Communist authorities, two years ago, tripled the size of the city to include surrounding rural areas. It is now home to more than six million people and challenged by traffic congestion, flooding and other problems, residents say.

“Our capital is dirty and chaotic. Not many tourists return after the first trip,” said Nguyen Thi Lan, 44, a doctor.

An official at the city’s local government, the People’s Committee, said $63 million was allocated for the millennium event.

Tran Van Lam, 65, a retiree, said the money would have been better spent on improving infrastructure.

“I don’t like any of the activities or projects for the 1,000th anniversary,” he said, describing many of them as “weird”.

Among the more unusual events for Hanoi’s birthday are exhibitions of 1,000 rare turtles and 1,000 farm tools, local media reported.

On Facebook and blogs, Vietnamese have aired many complaints about the celebration, but the administrator of one local social networking site shut down discussion of the topic, saying it was “inappropriate”.

King Ly Thai To moved the capital of Vietnam from Ninh Binh to Hanoi in 1010 and called it Thang Long, or “soaring dragon”.

In the 19th century, King Gia Long transferred the seat of government to Hue in the centre of the country, but the Red River Delta city of Hanoi regained its role as capital in 1945 when founding President Ho Chi Minh declared independence from French colonisers.

The city’s millennium will also be marked by the inauguration of bridges, a boulevard, monuments and a new museum.

Celebrations will peak on October 10 with what officials describe as Vietnam’s biggest-ever parade. There will be 31,000 participants, about one-third of them from the military, officials said.

“I think, as with many other events, the 1,000th anniversary of Hanoi has been used for political and propaganda purposes,” said Mr Lam.

Communist Vietnam is rated as one of the world’s most corrupt nations and Tran Quoc Hung, 38, a motorcycle taxi driver, alleged that the grand celebrations are a chance for officials to spend state money.

“Many people will get rich thanks to these celebrations, I guess,” Mr Hung said with a laugh. “What a waste of money and effort.”

Some residents said millennium projects were finished in a rush. “This is typically the Vietnamese way of doing things,” said one man, Nguyen Duc Thang, 42.
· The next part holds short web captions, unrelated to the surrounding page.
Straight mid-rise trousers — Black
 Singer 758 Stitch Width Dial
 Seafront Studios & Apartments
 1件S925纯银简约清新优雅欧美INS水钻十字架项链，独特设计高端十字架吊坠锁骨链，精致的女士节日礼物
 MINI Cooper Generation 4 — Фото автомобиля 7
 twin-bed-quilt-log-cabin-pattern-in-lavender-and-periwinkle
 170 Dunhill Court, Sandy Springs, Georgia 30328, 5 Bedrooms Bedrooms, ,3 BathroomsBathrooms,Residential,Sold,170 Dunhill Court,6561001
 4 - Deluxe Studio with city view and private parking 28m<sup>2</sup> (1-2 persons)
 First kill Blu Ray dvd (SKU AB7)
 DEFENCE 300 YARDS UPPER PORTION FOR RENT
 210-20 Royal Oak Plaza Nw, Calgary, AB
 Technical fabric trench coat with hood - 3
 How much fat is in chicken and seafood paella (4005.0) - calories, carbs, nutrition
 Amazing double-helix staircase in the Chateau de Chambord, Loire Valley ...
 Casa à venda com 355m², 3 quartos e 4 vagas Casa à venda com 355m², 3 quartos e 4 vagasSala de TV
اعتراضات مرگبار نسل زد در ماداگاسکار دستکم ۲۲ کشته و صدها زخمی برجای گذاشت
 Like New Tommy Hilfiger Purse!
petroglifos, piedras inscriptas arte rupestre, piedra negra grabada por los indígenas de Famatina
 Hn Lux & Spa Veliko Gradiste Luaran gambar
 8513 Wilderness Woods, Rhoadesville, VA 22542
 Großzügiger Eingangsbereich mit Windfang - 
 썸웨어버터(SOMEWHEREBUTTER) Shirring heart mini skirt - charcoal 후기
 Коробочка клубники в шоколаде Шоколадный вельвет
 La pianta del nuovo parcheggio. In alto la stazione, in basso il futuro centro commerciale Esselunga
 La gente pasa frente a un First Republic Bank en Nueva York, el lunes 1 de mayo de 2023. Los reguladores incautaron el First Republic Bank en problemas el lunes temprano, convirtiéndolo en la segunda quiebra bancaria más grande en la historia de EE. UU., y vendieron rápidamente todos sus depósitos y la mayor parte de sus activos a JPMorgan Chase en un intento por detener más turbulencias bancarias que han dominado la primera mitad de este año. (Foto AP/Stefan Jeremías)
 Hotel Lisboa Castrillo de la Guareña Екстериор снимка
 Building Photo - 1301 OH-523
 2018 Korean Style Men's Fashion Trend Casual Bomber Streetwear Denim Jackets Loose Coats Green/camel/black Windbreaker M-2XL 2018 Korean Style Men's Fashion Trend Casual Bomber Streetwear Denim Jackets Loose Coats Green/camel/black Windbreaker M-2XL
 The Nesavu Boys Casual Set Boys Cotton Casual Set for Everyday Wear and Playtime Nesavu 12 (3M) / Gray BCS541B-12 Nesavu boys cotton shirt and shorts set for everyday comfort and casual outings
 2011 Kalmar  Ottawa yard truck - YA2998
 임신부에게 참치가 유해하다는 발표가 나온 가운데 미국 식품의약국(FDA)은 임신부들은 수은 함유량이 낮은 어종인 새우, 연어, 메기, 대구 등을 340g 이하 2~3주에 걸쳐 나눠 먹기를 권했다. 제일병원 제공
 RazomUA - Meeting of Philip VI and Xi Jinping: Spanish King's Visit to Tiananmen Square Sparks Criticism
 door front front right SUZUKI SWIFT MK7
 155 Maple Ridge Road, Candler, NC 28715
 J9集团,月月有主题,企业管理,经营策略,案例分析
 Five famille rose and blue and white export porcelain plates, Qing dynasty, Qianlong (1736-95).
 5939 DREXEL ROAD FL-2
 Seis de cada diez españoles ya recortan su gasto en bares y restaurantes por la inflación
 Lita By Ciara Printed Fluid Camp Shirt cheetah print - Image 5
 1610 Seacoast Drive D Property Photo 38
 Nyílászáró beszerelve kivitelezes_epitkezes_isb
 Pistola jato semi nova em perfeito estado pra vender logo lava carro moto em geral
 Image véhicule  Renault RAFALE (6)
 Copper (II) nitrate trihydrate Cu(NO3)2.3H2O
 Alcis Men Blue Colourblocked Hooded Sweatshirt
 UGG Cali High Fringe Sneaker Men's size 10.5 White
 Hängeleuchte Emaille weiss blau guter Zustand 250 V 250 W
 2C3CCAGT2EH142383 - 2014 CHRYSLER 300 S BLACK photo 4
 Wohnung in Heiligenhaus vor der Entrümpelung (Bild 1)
Anniversary preparations caused weeks of chaos on city roads and sidewalks as workers put Hanoi’s spaghetti-like collection of overhead telecommunications cables underground. The project left residents at risk of sprained ankles as they tried to walk on the excavated pavements that were later filled in with fresh stonework.

Residents now fear more chaos as the festival begins. “Transport will be a mess then,” Mr Lam said.

Officials have issued a page-long list of roads that will be closed for the anniversary, which Deputy Prime Minister Nguyen Sinh Hung earlier this year said must be impressive.

“We must spare no effort to make lasting impressions on our countrymen and foreign guests,” the official Vietnam News Agency quoted him as saying.